**Assignment:**
Copy everything in the records exactly; the pictures stay out.

Dataset entries section start

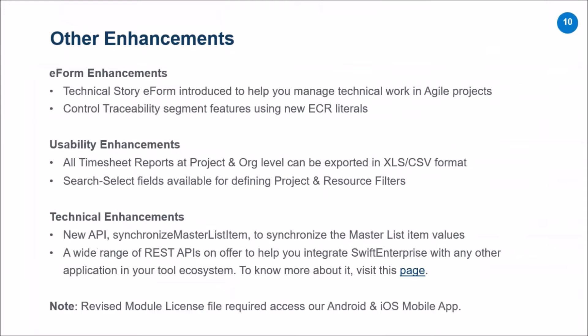Moving on to other enhancements: we've introduced a new e-form for technical stories so you can keep track of technical work planned for a sprint. This gives a distinction between normal user stories — which are functional and address the end user — and technical stories, which are needed when building something from scratch. We've introduced a new out-of-the-box widget form for technical stories. Along with that, new literals have been introduced as part of our ECF framework for better control over the traceability features; details will be in the release notes.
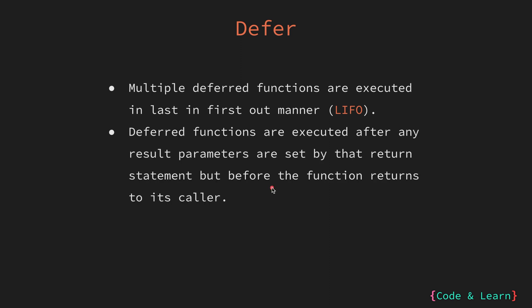When a function contains a return statement, the flow is that first the return parameters are set to the return value. Then, after setting those parameters, any deferred function is executed, followed by the function returns to the caller.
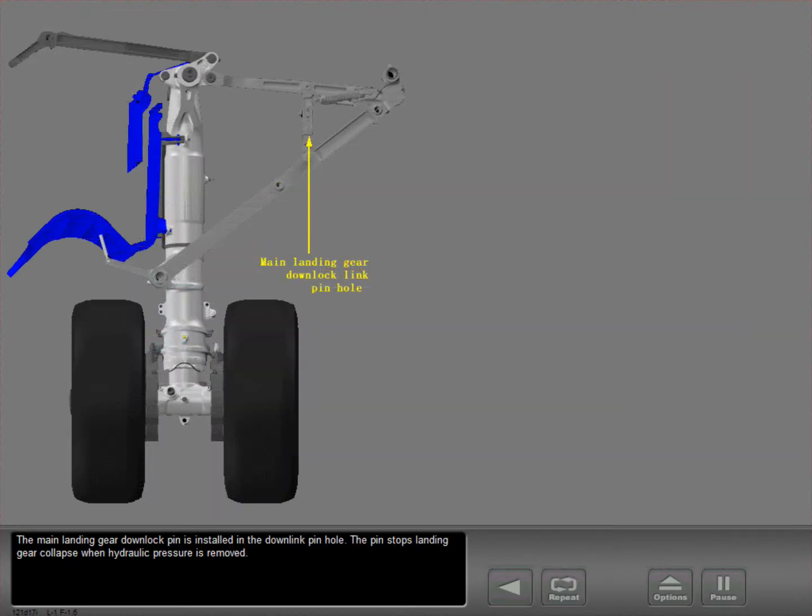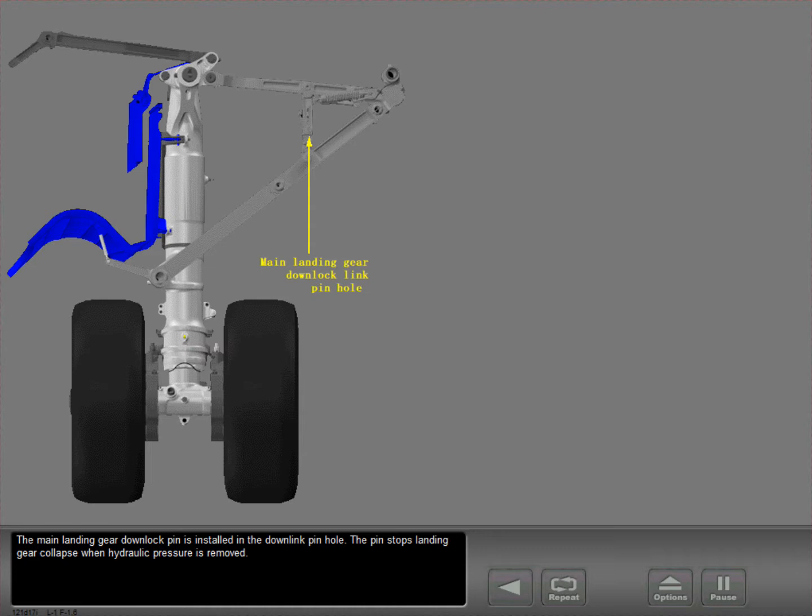The main landing gear down lock pin is installed in the down link pinhole. The pin stops landing gear collapse when hydraulic pressure is removed.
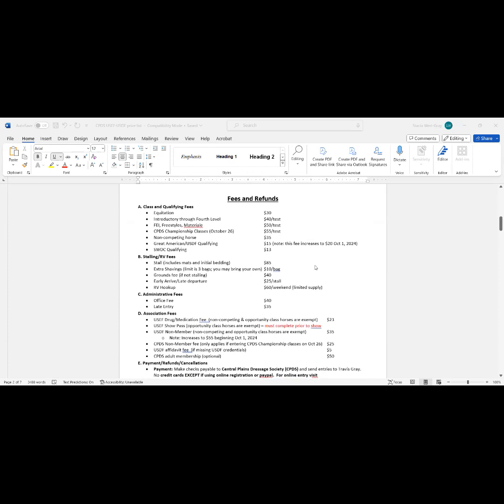Let's start at the top. Let's look at the class fees. Class fees are intended to cover the cost of personnel: the judge, the steward, the technical delegate, EMT, and so on. Those fees plus their travel, hotel, airfare, that kind of thing. Generally we try to cover those out of class revenue.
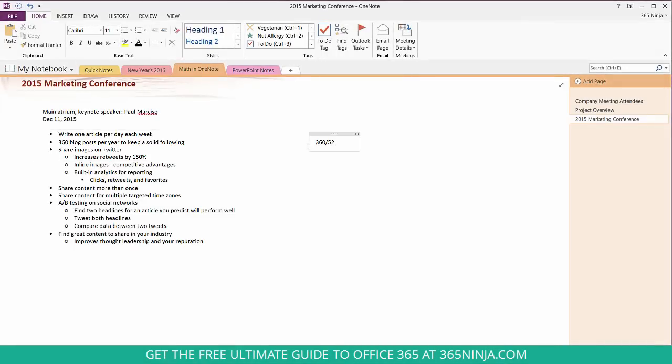Since there's 52 weeks in a year I'll do divided by 52 and to get my answer in OneNote all I have to do is press the equal sign and then enter and then my answer populates.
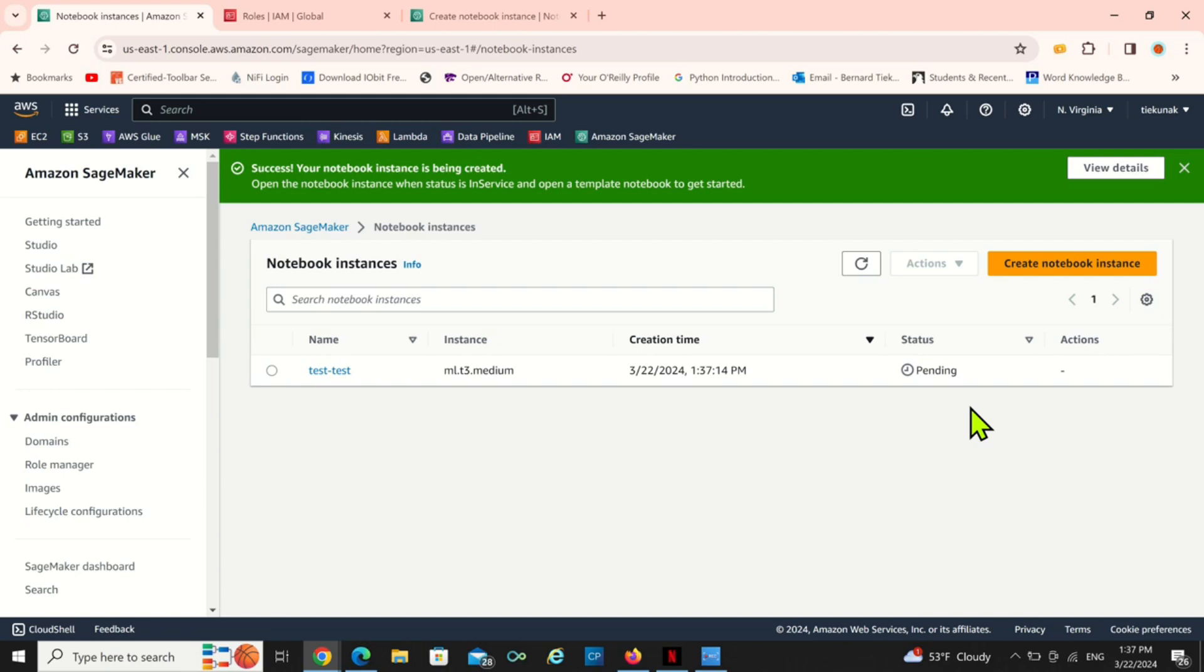So I'm going to open the Jupyter notebook in the Jupyter Lab. It's going to take a while so I'm going to cut this place off.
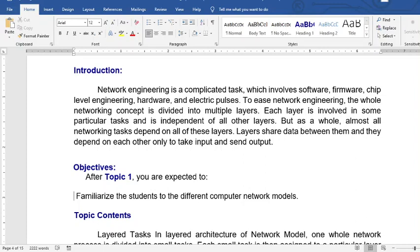Good day. Our topic today is about computer network models and security. Network engineering is a complicated task which involves software, firmware chips, label engineering, hardware, and electric forces.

Dataset entries section end

**Exercise result:**
Moving on to other enhancements: we've introduced a new e-form for technical stories so you can keep track of technical work planned for a sprint. This gives a distinction between normal user stories — which are functional and address the end user — and technical stories, which are needed when building something from scratch. We've introduced a new out-of-the-box widget form for technical stories. Along with that, new literals have been introduced as part of our ECF framework for better control over the traceability features; details will be in the release notes.
When a function contains a return statement, the flow is that first the return parameters are set to the return value. Then, after setting those parameters, any deferred function is executed, followed by the function returns to the caller.
The main landing gear down lock pin is installed in the down link pinhole. The pin stops landing gear collapse when hydraulic pressure is removed.
Let's start at the top. Let's look at the class fees. Class fees are intended to cover the cost of personnel: the judge, the steward, the technical delegate, EMT, and so on. Those fees plus their travel, hotel, airfare, that kind of thing. Generally we try to cover those out of class revenue.
Since there's 52 weeks in a year I'll do divided by 52 and to get my answer in OneNote all I have to do is press the equal sign and then enter and then my answer populates.
So I'm going to open the Jupyter notebook in the Jupyter Lab. It's going to take a while so I'm going to cut this place off.
Good day. Our topic today is about computer network models and security. Network engineering is a complicated task which involves software, firmware chips, label engineering, hardware, and electric forces.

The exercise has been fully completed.